__Task material__
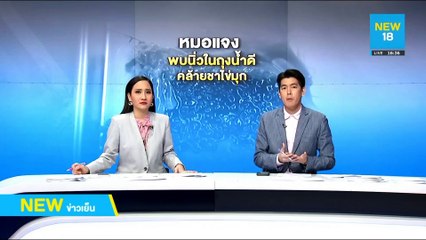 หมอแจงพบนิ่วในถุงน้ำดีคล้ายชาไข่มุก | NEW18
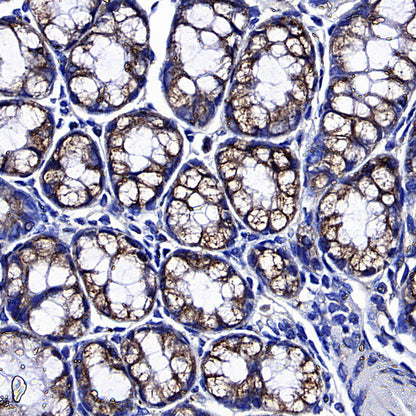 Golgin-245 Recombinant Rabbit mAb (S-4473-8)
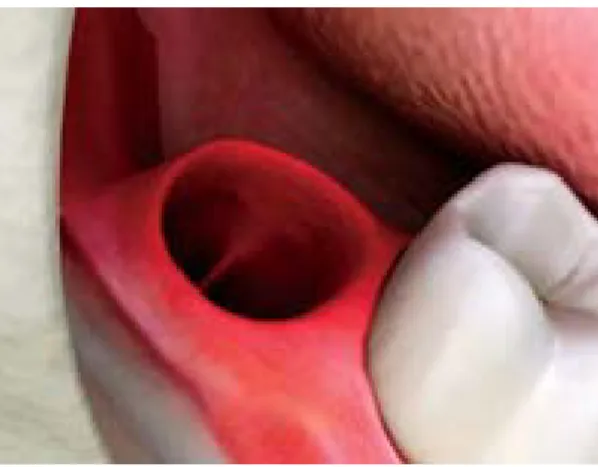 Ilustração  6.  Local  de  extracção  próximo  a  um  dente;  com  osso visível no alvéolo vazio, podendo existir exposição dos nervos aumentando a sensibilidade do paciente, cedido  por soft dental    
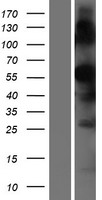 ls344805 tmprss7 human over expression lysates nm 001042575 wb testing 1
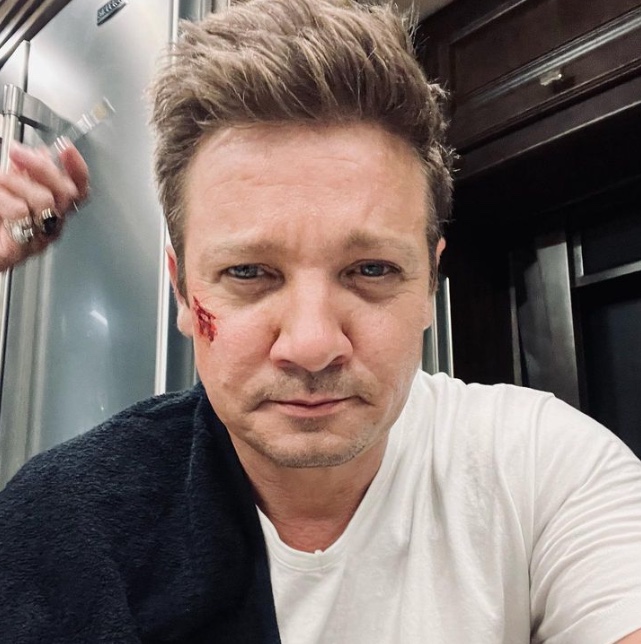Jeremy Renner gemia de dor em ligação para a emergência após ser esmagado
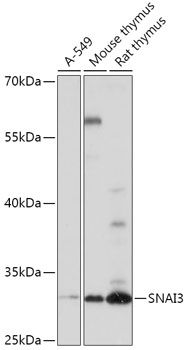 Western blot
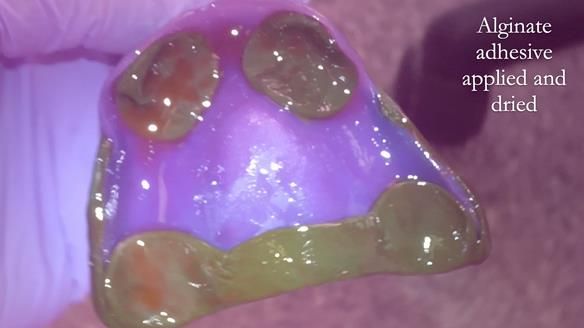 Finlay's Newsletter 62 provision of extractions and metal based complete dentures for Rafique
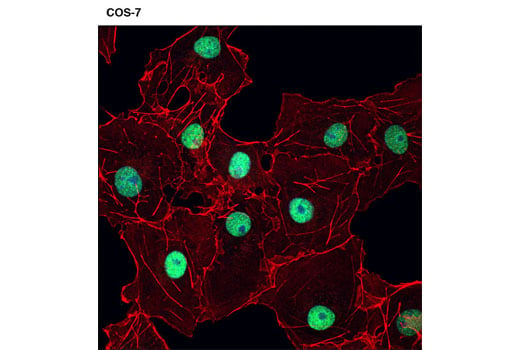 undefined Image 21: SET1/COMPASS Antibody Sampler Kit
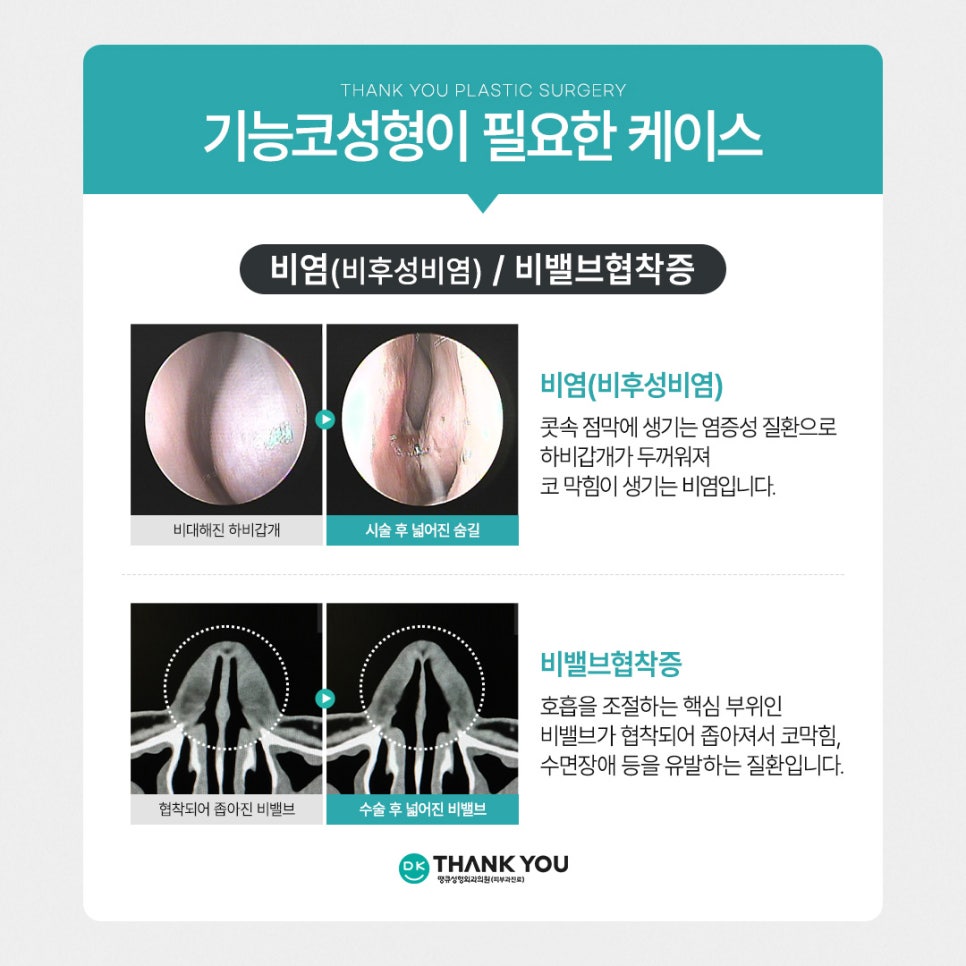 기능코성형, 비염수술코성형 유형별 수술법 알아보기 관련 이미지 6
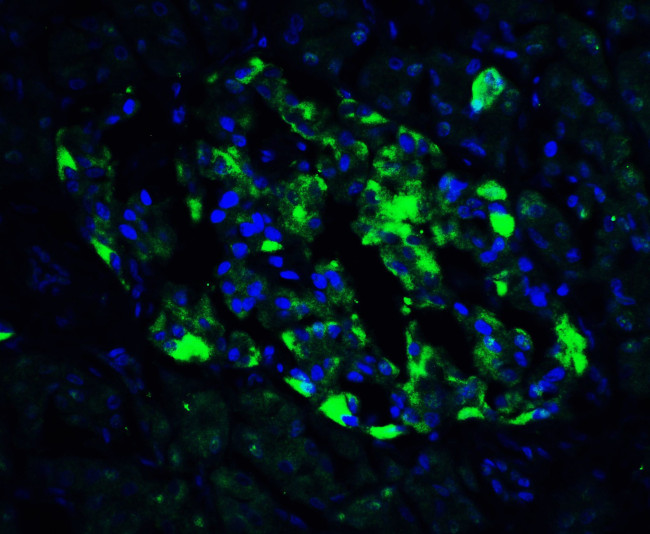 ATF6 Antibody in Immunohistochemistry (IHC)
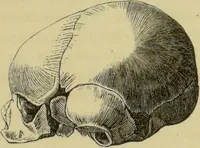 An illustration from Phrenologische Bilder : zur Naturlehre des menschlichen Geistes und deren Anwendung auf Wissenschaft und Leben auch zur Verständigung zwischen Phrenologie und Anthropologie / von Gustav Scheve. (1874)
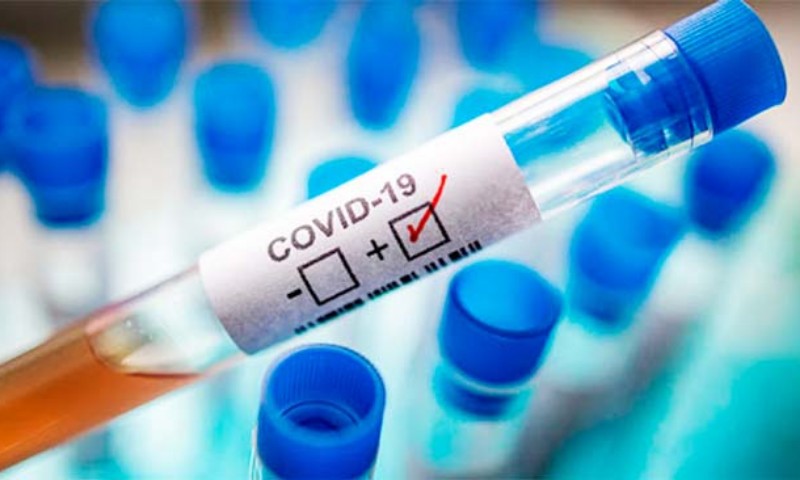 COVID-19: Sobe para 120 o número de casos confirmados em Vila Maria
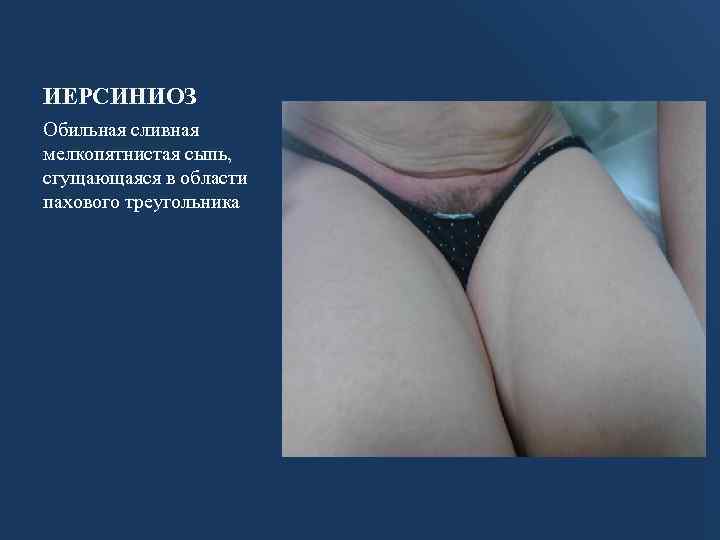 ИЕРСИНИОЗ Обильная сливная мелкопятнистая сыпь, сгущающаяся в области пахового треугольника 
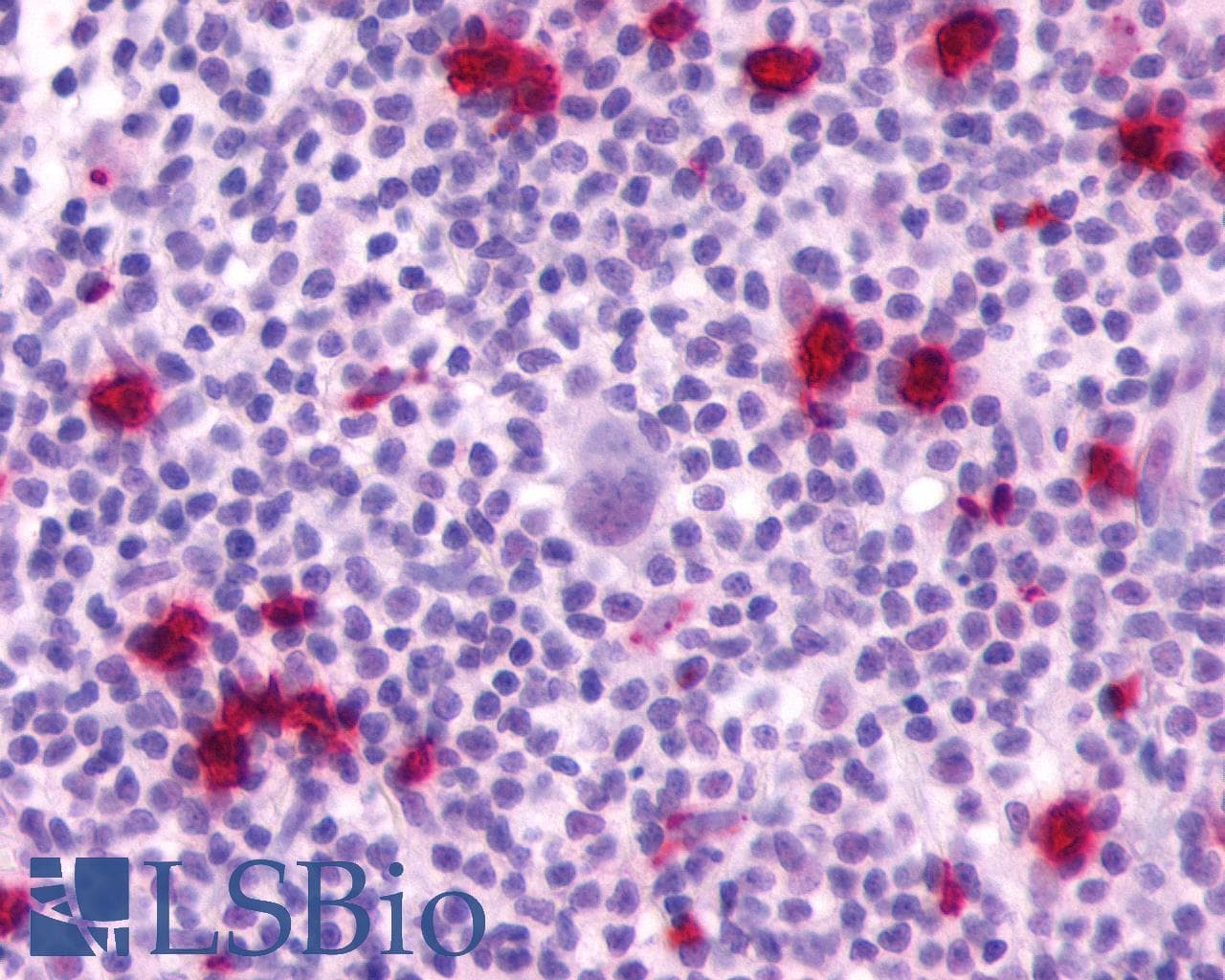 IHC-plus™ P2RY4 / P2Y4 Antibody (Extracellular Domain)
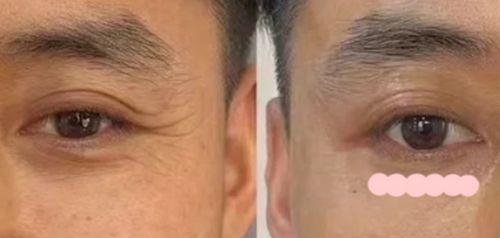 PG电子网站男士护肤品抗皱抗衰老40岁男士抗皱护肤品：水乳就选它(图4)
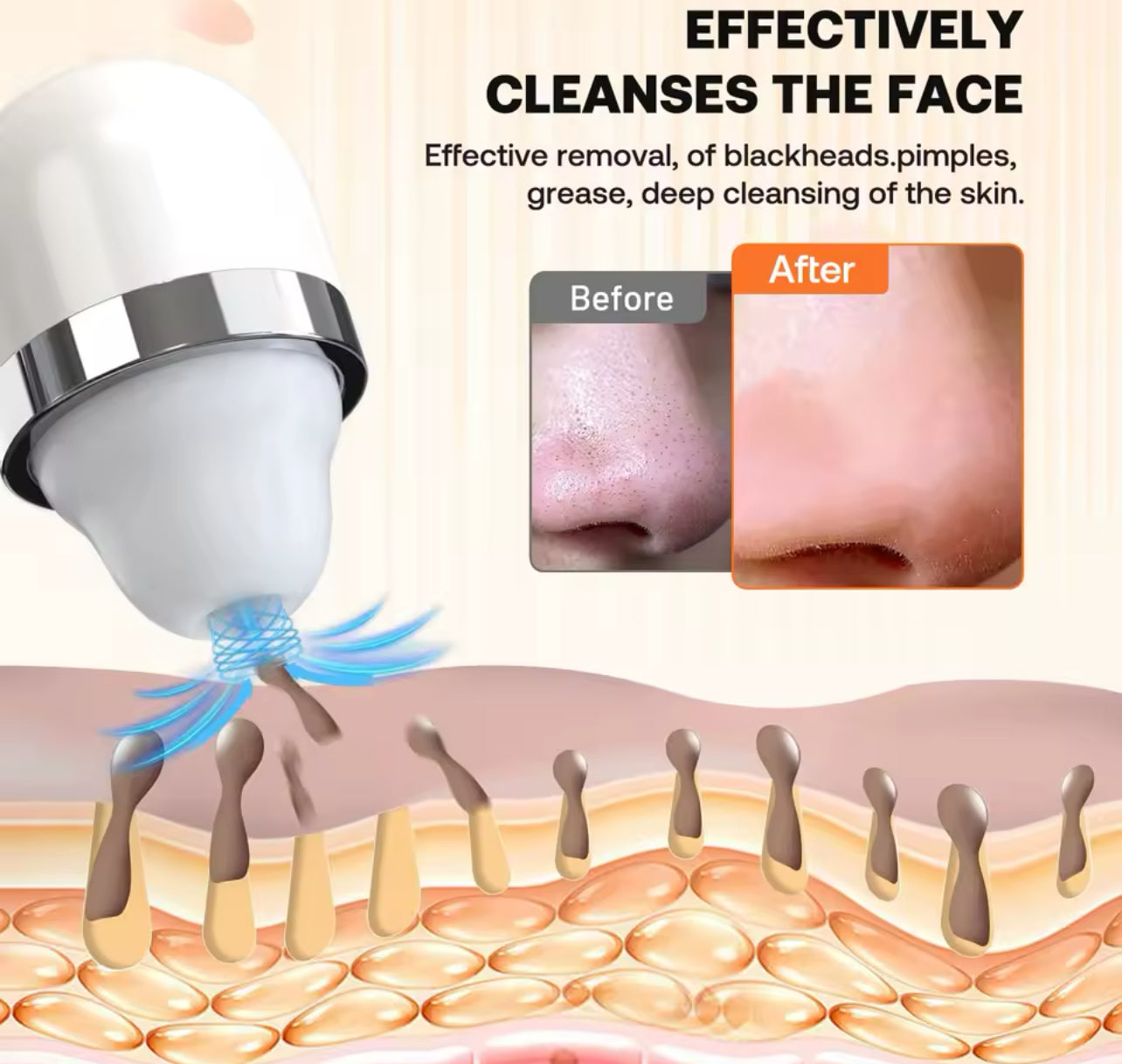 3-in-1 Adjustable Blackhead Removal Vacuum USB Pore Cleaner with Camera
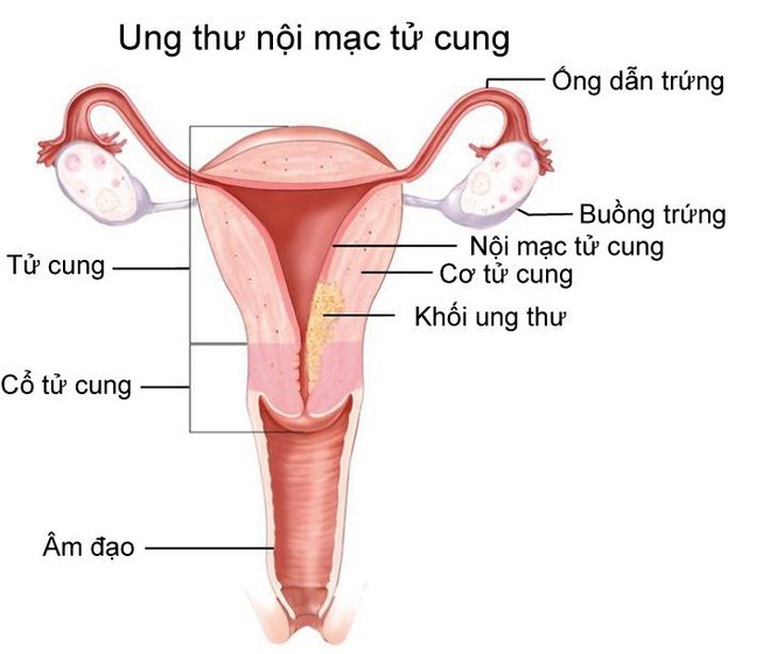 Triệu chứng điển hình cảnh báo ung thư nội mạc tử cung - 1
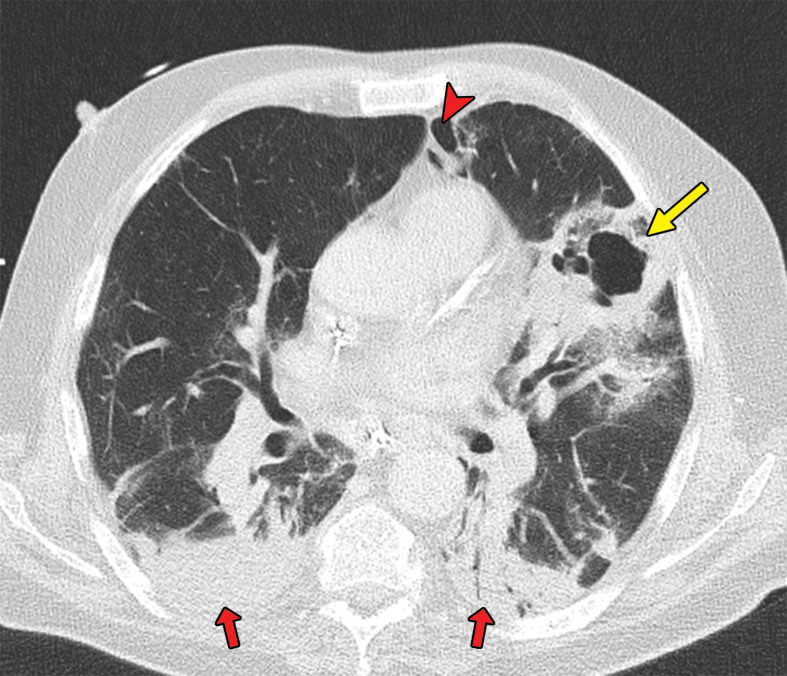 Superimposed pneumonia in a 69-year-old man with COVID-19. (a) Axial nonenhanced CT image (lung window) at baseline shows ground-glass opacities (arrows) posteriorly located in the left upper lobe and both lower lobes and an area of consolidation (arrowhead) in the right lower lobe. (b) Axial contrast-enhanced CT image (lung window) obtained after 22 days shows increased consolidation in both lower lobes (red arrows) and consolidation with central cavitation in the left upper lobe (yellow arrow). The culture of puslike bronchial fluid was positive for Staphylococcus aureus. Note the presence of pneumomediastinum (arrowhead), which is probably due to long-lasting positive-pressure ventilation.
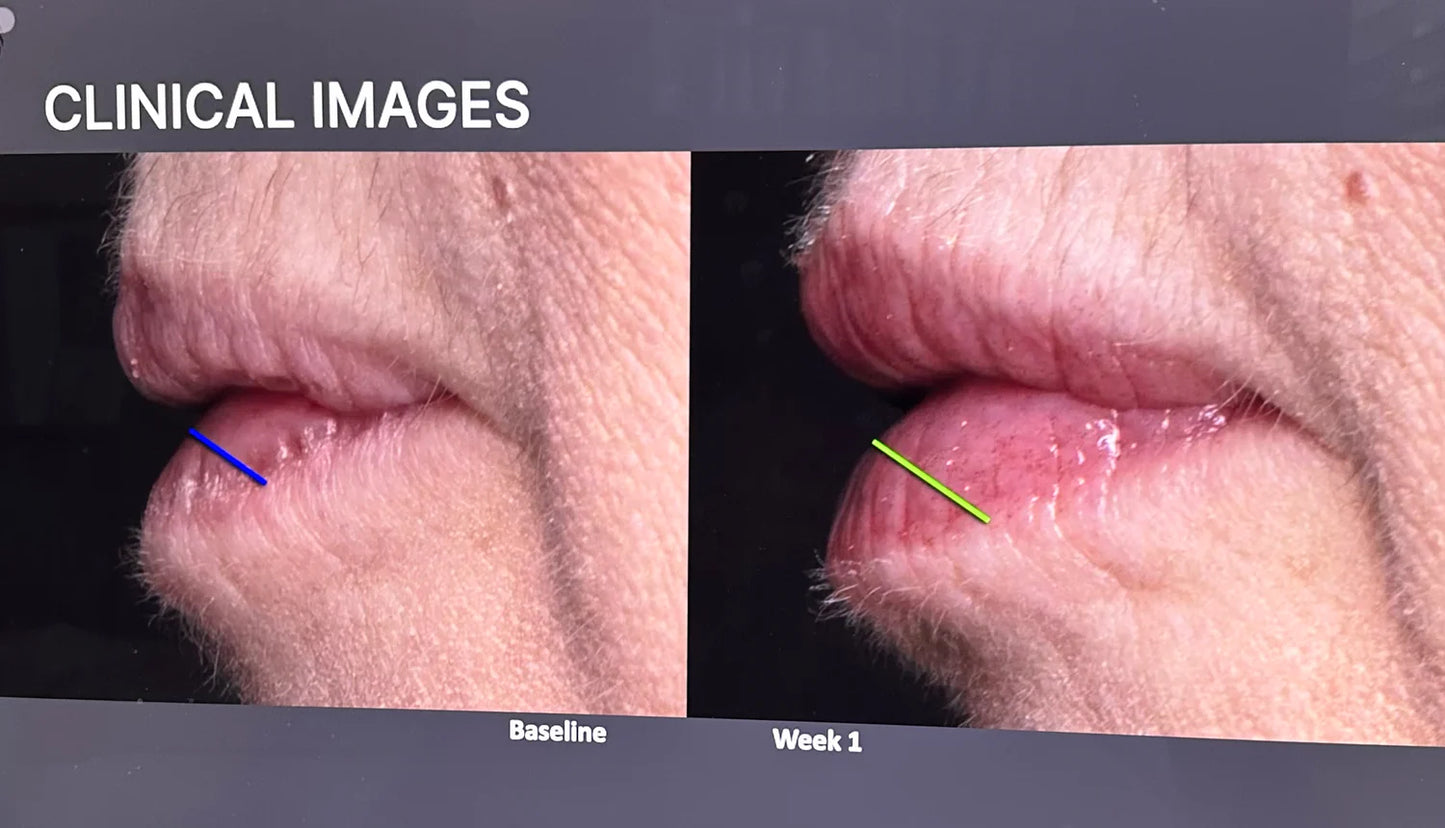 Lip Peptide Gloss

__Exercise prompt__
When you reach the line with "3-in-1 Adjustable Blackhead" in the records above, start writing out each line exactly, and stop after the line with "Triệu chứng điển". Pictures stay out.

__Problem solution__
 3-in-1 Adjustable Blackhead Removal Vacuum USB Pore Cleaner with Camera
 Triệu chứng điển hình cảnh báo ung thư nội mạc tử cung - 1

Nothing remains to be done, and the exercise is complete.